MATERIALS PROVIDED:
■ ■ ■ ■

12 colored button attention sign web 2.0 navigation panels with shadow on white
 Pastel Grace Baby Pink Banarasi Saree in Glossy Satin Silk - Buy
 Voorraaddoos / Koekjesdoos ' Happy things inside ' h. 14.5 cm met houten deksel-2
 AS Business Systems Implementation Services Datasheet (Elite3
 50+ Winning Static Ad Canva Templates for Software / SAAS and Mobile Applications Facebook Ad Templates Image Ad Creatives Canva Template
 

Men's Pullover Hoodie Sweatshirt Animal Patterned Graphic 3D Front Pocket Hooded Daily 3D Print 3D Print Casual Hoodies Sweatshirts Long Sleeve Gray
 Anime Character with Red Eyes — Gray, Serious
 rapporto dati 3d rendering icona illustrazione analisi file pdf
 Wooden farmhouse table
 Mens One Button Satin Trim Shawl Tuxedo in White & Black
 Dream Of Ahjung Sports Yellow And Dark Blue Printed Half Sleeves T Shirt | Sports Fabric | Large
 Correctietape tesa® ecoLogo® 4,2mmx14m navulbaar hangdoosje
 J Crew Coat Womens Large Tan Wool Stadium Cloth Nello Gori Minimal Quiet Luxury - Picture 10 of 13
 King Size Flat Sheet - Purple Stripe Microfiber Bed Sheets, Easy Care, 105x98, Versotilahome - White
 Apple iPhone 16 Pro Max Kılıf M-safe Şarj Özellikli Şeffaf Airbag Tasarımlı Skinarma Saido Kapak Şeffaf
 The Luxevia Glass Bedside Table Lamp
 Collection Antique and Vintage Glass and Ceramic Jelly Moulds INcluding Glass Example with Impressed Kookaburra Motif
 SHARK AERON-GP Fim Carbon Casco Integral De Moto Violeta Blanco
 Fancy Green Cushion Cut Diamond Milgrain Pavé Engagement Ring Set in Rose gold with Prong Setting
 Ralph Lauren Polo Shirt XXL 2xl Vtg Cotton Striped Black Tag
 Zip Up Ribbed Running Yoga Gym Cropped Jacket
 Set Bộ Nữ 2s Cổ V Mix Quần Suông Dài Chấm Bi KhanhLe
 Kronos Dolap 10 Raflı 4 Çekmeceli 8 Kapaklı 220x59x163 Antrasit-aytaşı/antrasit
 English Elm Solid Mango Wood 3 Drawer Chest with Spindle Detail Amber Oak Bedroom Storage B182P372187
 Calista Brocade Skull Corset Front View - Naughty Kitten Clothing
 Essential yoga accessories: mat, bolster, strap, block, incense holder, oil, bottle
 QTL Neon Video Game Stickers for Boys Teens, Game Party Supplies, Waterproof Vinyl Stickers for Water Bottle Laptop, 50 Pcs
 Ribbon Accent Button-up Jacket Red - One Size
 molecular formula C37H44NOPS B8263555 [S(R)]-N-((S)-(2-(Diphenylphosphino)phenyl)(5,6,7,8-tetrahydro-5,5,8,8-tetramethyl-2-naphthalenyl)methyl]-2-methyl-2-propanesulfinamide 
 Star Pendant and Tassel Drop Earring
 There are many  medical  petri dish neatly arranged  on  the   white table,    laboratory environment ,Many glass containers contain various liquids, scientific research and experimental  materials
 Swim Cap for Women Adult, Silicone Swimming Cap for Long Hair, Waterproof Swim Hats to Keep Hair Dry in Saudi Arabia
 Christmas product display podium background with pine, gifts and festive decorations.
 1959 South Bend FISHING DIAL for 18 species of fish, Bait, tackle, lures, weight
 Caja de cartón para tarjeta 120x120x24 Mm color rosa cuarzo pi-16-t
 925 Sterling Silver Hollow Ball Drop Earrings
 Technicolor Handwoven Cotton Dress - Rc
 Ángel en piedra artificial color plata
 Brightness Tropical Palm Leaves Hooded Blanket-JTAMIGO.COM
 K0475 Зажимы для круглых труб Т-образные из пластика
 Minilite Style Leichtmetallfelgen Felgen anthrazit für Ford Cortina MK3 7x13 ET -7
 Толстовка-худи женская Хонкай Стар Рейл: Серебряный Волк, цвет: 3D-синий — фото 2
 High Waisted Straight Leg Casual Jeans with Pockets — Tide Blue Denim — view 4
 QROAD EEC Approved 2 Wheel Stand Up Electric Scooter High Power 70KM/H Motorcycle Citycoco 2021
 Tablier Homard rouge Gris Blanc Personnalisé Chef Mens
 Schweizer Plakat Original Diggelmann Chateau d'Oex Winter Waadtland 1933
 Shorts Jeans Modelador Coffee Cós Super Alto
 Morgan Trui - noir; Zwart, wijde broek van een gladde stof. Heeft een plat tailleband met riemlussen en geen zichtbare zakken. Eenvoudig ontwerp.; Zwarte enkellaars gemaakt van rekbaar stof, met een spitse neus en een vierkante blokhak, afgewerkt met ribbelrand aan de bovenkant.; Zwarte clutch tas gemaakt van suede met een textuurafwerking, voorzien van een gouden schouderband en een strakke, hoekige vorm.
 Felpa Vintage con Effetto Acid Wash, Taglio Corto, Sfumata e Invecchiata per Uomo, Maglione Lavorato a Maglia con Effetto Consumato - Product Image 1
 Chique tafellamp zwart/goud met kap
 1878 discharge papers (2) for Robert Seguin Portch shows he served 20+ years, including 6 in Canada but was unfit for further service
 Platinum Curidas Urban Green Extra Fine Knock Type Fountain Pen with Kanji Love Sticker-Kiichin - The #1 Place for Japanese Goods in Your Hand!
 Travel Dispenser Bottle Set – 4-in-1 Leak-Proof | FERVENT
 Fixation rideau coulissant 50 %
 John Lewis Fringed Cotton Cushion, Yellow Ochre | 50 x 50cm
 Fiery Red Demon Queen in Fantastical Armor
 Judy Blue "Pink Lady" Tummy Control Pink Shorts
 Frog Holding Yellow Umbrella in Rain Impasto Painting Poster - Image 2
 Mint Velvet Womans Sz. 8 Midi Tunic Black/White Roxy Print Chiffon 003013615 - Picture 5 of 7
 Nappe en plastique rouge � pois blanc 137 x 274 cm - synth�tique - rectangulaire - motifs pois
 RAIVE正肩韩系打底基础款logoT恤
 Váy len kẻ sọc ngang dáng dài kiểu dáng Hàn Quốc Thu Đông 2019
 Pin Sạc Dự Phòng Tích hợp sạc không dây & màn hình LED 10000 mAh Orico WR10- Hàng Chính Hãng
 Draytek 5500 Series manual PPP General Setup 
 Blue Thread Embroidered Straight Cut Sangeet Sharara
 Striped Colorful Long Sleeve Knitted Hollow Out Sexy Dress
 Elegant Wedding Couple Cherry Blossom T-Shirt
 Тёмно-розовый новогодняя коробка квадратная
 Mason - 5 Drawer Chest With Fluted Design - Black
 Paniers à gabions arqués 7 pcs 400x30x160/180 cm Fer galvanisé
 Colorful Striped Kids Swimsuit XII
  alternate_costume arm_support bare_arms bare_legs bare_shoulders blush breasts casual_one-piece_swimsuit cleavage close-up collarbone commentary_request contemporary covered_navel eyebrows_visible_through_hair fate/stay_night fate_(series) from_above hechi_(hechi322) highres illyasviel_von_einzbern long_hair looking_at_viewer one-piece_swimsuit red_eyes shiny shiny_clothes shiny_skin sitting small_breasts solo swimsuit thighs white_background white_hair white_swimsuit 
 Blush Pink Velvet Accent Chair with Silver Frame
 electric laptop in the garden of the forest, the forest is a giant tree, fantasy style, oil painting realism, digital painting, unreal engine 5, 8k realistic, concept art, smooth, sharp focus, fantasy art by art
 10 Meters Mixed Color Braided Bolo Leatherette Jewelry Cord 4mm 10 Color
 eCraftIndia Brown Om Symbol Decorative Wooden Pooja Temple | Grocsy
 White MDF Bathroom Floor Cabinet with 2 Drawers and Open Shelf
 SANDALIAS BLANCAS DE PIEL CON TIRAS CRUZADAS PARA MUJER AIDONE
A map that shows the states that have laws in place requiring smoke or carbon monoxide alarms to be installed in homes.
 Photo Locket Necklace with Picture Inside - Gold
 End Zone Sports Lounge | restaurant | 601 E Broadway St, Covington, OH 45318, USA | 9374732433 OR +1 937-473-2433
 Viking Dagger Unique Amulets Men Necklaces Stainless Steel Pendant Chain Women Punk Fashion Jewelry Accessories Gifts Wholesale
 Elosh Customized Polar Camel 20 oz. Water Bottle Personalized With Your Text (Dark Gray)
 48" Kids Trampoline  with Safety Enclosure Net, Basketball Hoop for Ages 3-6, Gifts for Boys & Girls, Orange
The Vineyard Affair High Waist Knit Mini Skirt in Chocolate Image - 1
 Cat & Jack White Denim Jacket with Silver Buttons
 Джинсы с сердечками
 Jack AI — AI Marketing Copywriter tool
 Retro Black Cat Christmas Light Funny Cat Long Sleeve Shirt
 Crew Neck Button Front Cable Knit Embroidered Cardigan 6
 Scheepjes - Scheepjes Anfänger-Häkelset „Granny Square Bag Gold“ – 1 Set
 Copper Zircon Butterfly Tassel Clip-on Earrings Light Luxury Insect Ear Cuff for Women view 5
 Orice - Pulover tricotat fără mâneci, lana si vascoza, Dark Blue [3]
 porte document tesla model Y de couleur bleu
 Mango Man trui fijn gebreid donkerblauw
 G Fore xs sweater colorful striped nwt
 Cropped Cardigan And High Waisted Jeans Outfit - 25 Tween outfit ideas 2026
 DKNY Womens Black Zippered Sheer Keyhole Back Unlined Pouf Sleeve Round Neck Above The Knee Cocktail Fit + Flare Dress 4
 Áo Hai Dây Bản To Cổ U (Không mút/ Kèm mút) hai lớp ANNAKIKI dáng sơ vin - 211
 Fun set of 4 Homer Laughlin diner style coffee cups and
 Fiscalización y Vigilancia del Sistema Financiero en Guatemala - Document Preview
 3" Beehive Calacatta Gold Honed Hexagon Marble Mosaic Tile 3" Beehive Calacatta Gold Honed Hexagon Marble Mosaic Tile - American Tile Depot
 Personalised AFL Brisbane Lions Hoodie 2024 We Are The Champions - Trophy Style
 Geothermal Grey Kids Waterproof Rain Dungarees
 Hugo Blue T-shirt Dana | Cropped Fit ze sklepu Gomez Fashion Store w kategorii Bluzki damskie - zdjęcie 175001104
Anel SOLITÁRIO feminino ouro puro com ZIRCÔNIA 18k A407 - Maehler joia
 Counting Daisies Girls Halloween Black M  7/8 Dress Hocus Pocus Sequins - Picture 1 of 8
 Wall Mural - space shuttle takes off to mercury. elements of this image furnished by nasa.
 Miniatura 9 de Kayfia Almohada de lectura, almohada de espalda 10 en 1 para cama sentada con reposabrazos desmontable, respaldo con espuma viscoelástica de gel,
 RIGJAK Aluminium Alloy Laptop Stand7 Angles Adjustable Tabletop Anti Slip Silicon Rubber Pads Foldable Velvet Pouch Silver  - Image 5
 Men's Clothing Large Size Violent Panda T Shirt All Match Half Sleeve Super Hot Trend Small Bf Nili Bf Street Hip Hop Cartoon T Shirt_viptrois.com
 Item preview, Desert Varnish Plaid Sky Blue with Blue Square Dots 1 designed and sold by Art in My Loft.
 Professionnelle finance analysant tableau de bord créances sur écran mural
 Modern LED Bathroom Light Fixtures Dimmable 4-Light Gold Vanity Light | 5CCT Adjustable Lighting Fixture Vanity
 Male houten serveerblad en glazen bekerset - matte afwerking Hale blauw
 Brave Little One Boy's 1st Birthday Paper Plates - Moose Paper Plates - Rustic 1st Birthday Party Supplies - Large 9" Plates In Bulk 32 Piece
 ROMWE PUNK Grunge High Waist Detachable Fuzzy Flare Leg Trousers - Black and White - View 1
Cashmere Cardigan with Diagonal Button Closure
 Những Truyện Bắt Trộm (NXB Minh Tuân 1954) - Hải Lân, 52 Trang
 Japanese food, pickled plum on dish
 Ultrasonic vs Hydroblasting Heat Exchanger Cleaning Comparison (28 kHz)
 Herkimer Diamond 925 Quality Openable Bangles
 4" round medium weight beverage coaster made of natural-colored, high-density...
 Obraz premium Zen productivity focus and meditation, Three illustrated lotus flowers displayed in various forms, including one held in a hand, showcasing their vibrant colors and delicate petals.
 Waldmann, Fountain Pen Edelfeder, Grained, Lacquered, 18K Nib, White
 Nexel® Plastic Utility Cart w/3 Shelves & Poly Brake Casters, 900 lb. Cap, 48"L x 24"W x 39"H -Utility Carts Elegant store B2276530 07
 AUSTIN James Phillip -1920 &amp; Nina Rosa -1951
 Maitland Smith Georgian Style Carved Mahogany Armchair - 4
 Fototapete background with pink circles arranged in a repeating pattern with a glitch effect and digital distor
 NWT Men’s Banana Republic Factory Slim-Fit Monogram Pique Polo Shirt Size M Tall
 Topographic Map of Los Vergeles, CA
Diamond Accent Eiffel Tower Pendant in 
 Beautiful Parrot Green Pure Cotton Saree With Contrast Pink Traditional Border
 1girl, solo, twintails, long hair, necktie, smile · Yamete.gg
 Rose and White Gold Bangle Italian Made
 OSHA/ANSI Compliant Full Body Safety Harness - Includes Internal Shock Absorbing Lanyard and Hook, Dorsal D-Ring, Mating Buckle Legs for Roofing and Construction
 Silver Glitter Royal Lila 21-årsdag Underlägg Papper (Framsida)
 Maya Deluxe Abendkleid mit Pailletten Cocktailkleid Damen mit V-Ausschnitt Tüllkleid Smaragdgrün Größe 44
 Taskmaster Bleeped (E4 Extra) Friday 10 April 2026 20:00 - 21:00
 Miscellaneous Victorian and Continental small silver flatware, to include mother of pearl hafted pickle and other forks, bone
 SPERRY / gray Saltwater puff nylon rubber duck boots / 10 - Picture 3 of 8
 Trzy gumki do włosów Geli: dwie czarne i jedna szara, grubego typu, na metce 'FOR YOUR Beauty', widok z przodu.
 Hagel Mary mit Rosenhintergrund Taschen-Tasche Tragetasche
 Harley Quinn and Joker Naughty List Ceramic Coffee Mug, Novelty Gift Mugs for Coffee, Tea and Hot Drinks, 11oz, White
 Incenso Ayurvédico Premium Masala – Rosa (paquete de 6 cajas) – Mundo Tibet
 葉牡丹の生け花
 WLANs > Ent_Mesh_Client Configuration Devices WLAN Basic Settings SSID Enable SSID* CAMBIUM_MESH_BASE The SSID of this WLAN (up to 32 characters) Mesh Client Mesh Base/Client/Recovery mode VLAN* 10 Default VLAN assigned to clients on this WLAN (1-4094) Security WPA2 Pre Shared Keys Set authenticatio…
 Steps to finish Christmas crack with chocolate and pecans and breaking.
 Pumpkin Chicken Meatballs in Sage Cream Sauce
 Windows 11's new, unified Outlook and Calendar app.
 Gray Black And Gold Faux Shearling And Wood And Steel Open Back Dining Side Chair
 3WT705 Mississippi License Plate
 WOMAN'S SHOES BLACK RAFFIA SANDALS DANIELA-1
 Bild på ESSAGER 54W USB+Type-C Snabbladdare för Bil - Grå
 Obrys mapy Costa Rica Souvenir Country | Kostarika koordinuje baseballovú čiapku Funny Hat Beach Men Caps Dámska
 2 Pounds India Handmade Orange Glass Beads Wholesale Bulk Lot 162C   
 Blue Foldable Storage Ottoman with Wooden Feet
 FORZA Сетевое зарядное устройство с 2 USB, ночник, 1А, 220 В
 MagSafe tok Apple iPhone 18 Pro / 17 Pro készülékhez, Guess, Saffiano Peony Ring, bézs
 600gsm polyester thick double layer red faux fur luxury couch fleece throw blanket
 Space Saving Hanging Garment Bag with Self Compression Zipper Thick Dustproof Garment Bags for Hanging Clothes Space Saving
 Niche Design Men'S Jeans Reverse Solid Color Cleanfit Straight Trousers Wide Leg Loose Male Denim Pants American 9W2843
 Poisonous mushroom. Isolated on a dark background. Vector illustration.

■ ■ ■ ■

WHAT YOU HAVE TO DO: Copy the stretch of the records above that runs from the line with "Pastel Grace Baby" through the line with "King Size Flat". Both end lines belong in the copy, and nothing else does.

RESULT OF THE TASK:
 Pastel Grace Baby Pink Banarasi Saree in Glossy Satin Silk - Buy
 Voorraaddoos / Koekjesdoos ' Happy things inside ' h. 14.5 cm met houten deksel-2
 AS Business Systems Implementation Services Datasheet (Elite3
 50+ Winning Static Ad Canva Templates for Software / SAAS and Mobile Applications Facebook Ad Templates Image Ad Creatives Canva Template
 

Men's Pullover Hoodie Sweatshirt Animal Patterned Graphic 3D Front Pocket Hooded Daily 3D Print 3D Print Casual Hoodies Sweatshirts Long Sleeve Gray
 Anime Character with Red Eyes — Gray, Serious
 rapporto dati 3d rendering icona illustrazione analisi file pdf
 Wooden farmhouse table
 Mens One Button Satin Trim Shawl Tuxedo in White & Black
 Dream Of Ahjung Sports Yellow And Dark Blue Printed Half Sleeves T Shirt | Sports Fabric | Large
 Correctietape tesa® ecoLogo® 4,2mmx14m navulbaar hangdoosje
 J Crew Coat Womens Large Tan Wool Stadium Cloth Nello Gori Minimal Quiet Luxury - Picture 10 of 13
 King Size Flat Sheet - Purple Stripe Microfiber Bed Sheets, Easy Care, 105x98, Versotilahome - White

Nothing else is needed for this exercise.